C: How long would it take to fabricate a puppet?

ANTHONY STACCHI: I don’t have that exact number but it would take months. You have to make sure the costume and everything works over the structure. You’d sometimes find an animator moving to then see how we can get the puppet out of certain movements or if we didn’t like a certain walk.

C: Your pasts are very diverse in art with CGI and animation. Do you almost prefer to not work with live actors but in a world you created?

ANTHONY STACCHI: We actually probably deal with more live acting. You have storyboard artists, the animators, the actors—we get to run at performances a number of times. It helps to figure them out. Stop motion animation is different because it is a performance. The animator will do it once to test and rehearse and then one more time for film.

GRAHAM ANNABLE: It’s like opening night every day.

ANTHONY STACCHI: Sometimes you get great spontaneity and other times you don’t get exactly what you wanted or hoped for. It can be way more stressful.
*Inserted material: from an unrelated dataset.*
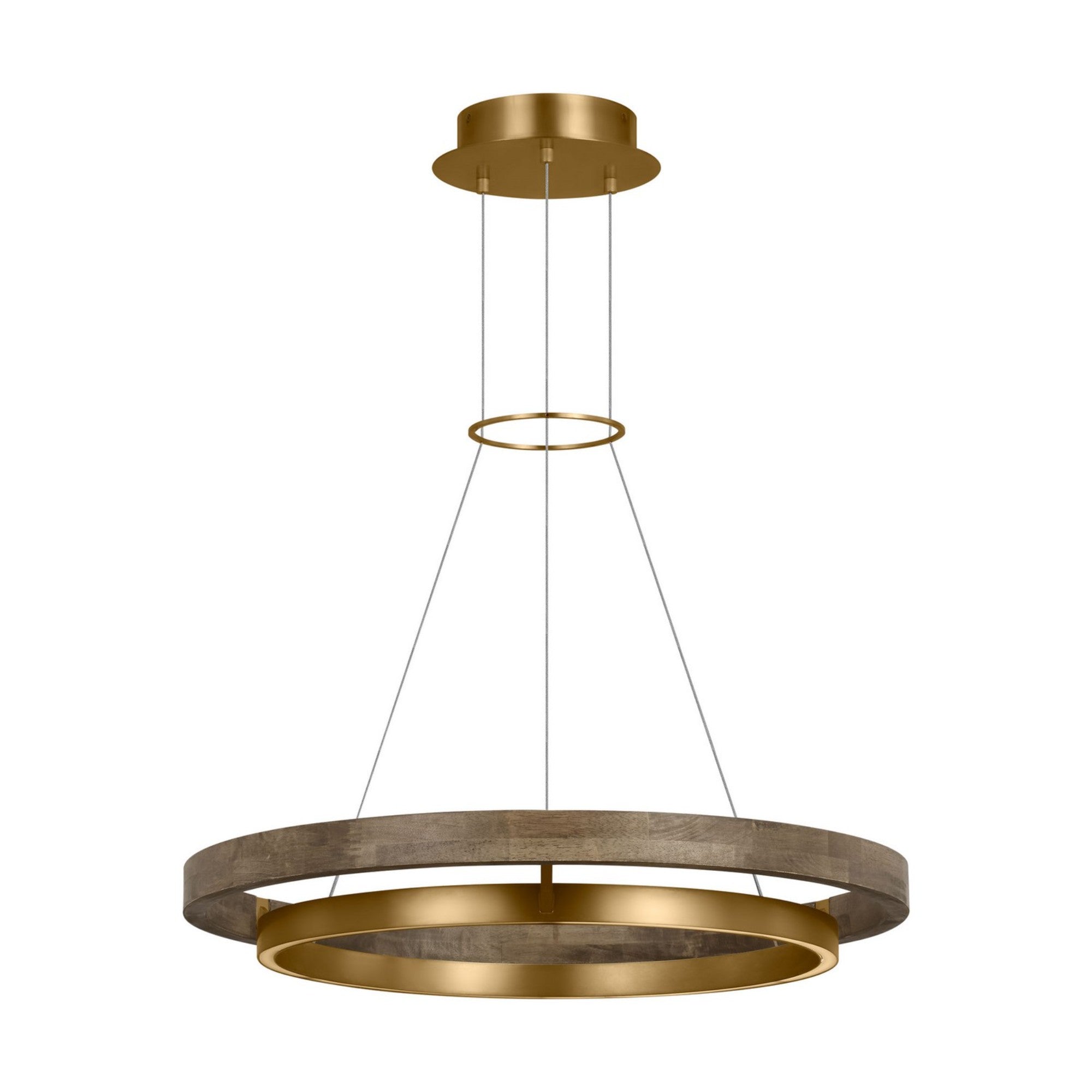 Grace 30" LED Chandelier, Natural Brass & Weathered Oak Finish - Bees Lighting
C: One last question for each of you -- Graham with your background in animation and CGI. Did you see the movie in stop animation or CGI in your head when you would direct scenes?

GRAHAM ANNABLE: I guess for me coming from the storyboard world, I always visualize it as a storyboard drawing. You’re writing with drawings and using all these visual elements. So I tend to think of things through the drawings. But, it translates in to another realm in stop animation. When I was working on boards for Coraline and Paranorman, I had this impression the movies done and you just need to replicate that. (Laughs)
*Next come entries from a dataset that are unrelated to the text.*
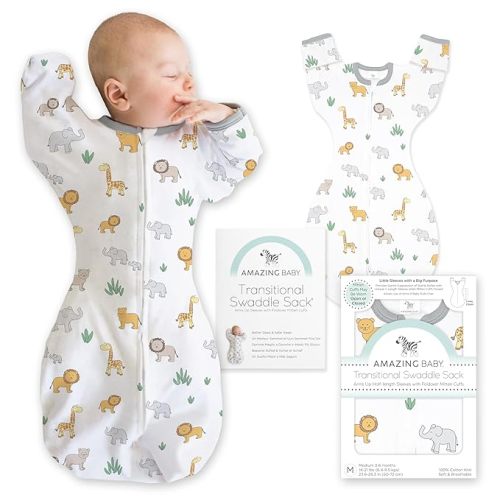Amazing Baby Transitional Swaddle Sack, Arms Up Half-Length Sleeves & Mitten Cuffs, Swaddle for Newborn Transition to Baby Sleep Sack Wearable Blanket, Medium, 3-6 Month, 14-21 lb, On Safari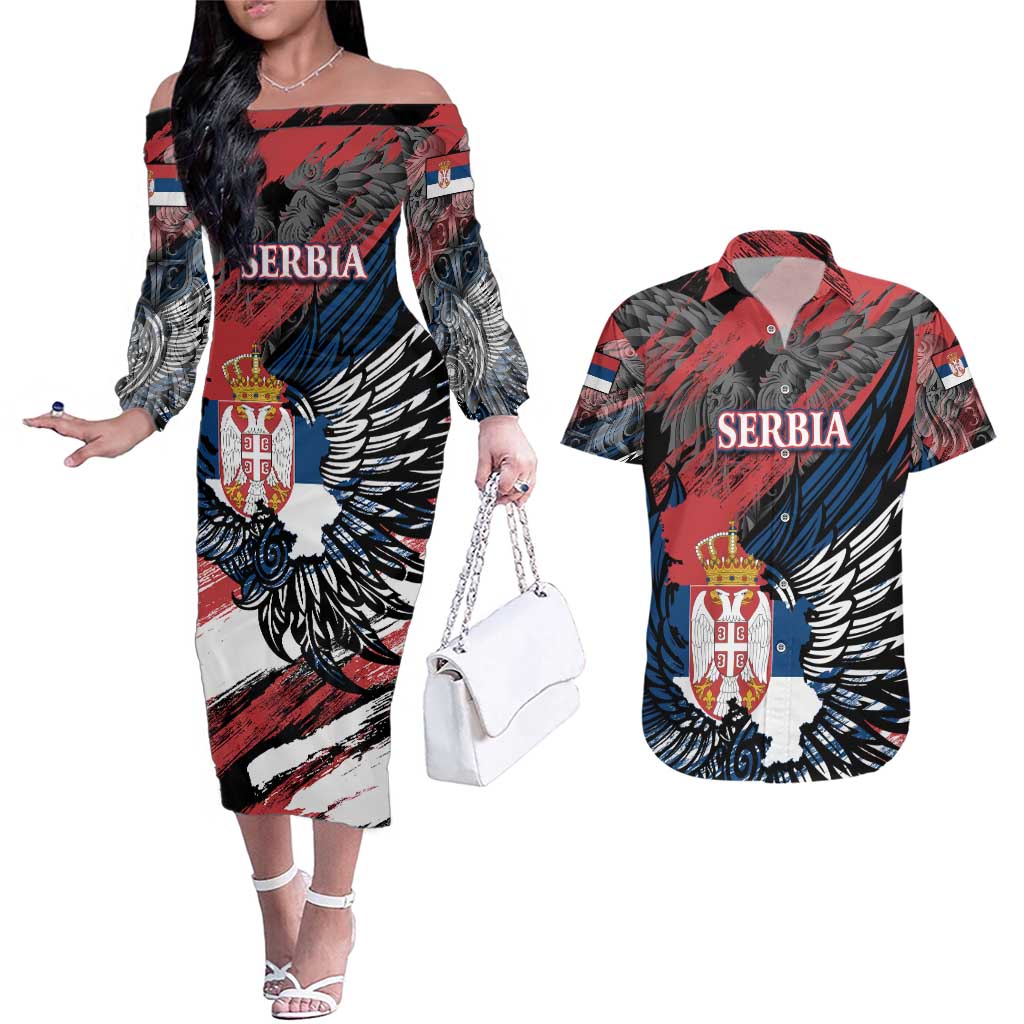 Serbia Couples Matching Off The Shoulder Long Sleeve Dress and Hawaiian Shirt Wings of the Nation Crown of Heritage
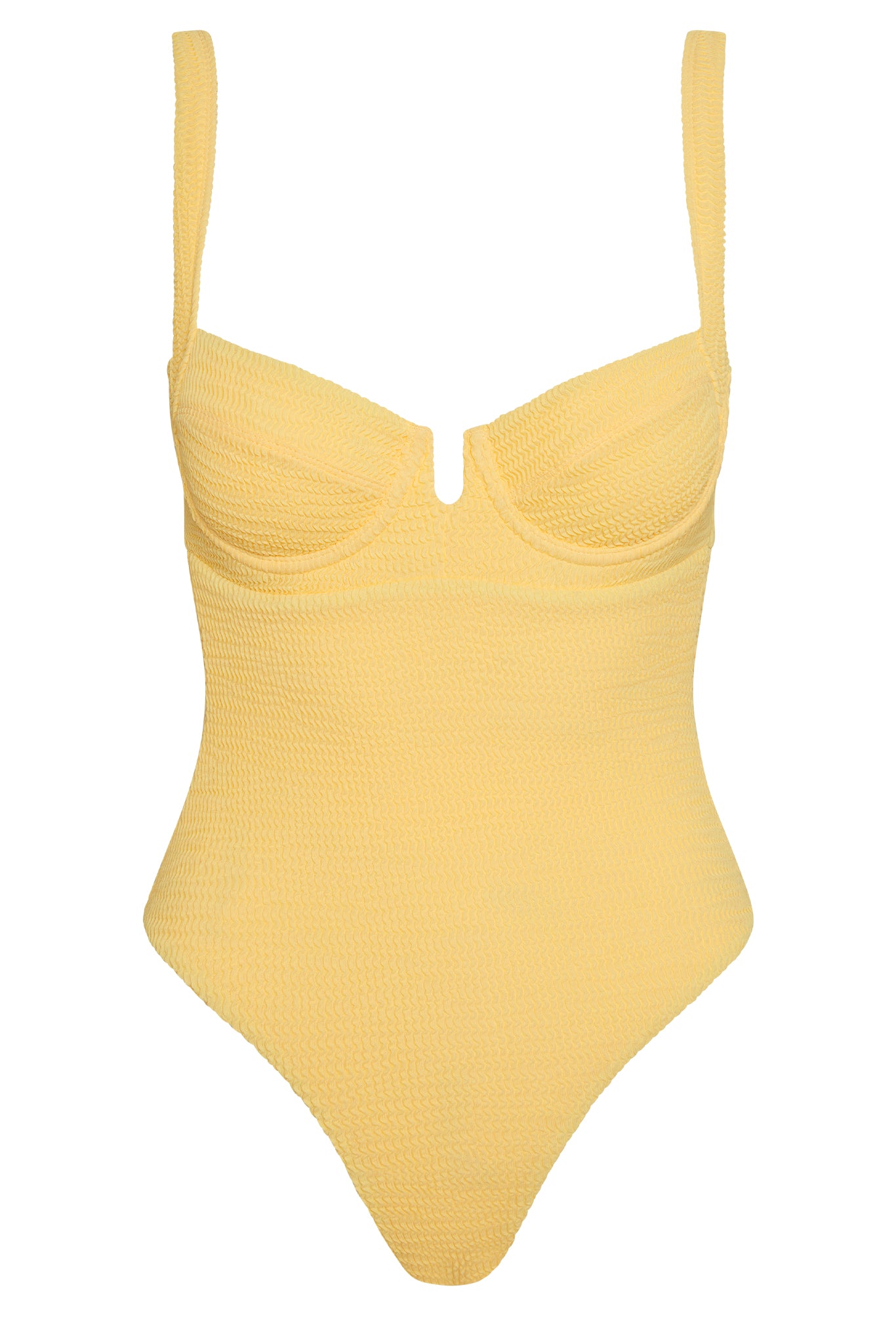 Yellow textured one-piece swimsuit with underwire cups and thin shoulder straps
I never quite recognized the evolution that happens beyond that point and the intensity of the conversations we would have with the animators. We figured out the movie on the boards but the movie becomes what it will be in those conversations Then the animator walks out to the stage to get the shot. It was very revealing for me.
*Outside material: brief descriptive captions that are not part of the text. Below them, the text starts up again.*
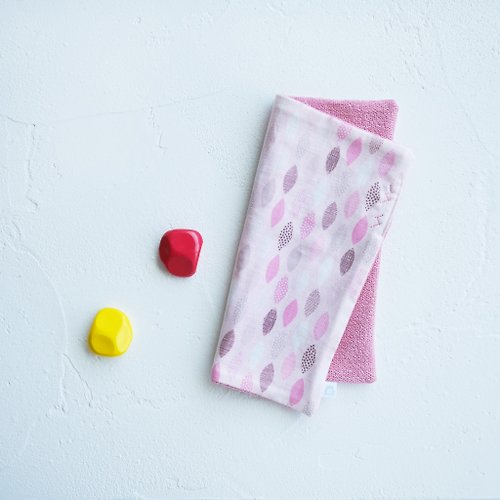 Mouton blanC 有機棉刺繡手帕巾 ハンカチ - 粉紅幾何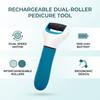 Electric Foot File Rechargeable Callus Remover Dual Roller Design with 1500mAh Battery Pedicure Tool for Dead Skin Removal 2 Speed Modes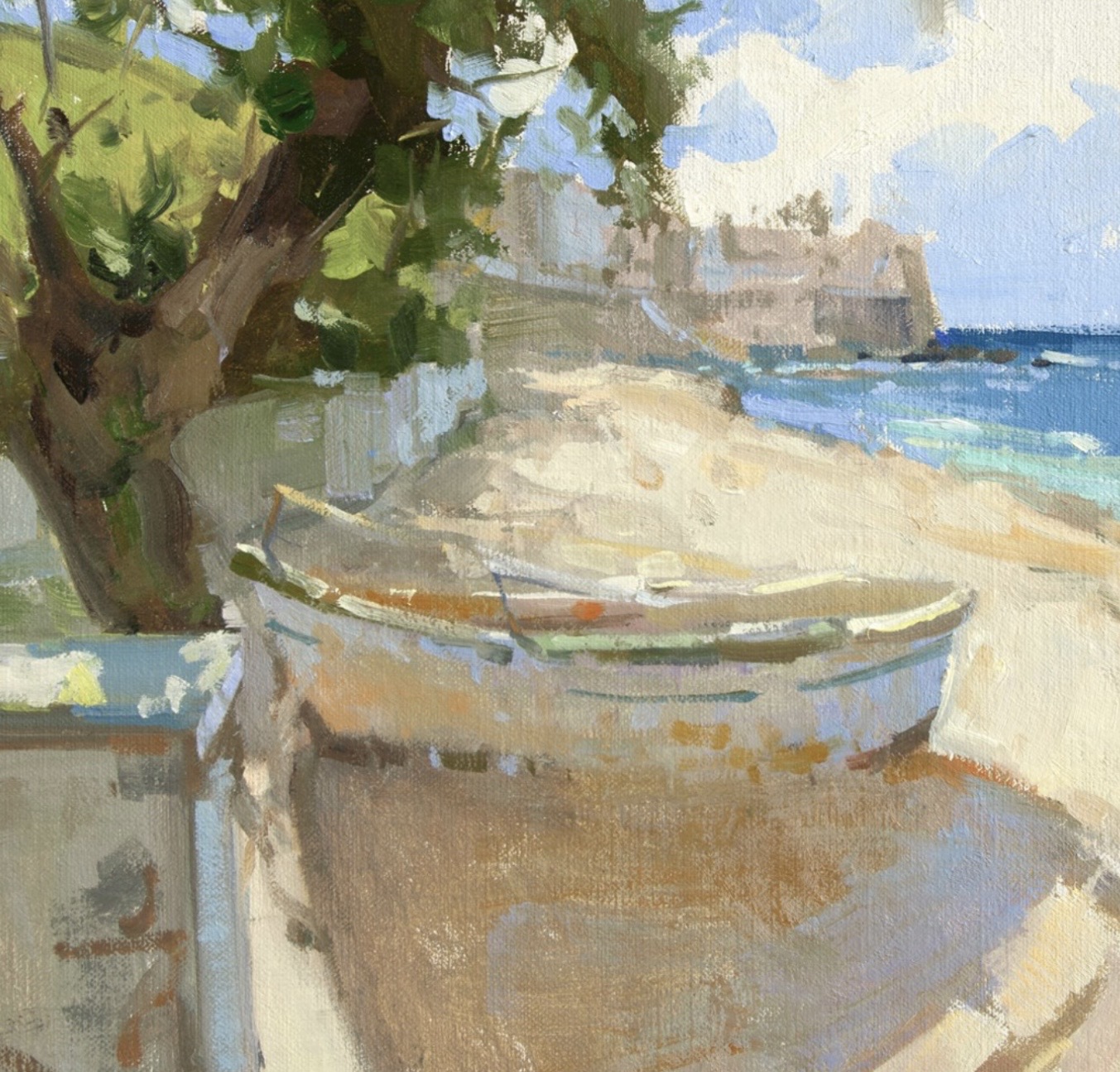 Lori Putnam, "Shade and Sand," oil on linen, 10 x 10 in., Trapani, Sicily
C: Tony, 1976 Worcester, MA Boys Club—Best in Show Pigeon? (laughter) Do you put that in to your bio in case Mike Tyson wants to do a movie with you?

ANTHONY STACCHI: (Laughing) No, for years I sat across from a guy at ILM who had Academy Awards on his desk. I had nothing to compete with him and I had my Best in Show Trophy. I put it in the middle of my desk to face off with his Academy Awards.

C: Did he find the humor in that?

ANTHONY STACCHI: No, not really. It was more like “get this guy out of my office.” (laughing)

The Boxtrolls is opening this weekend at theaters nationwide.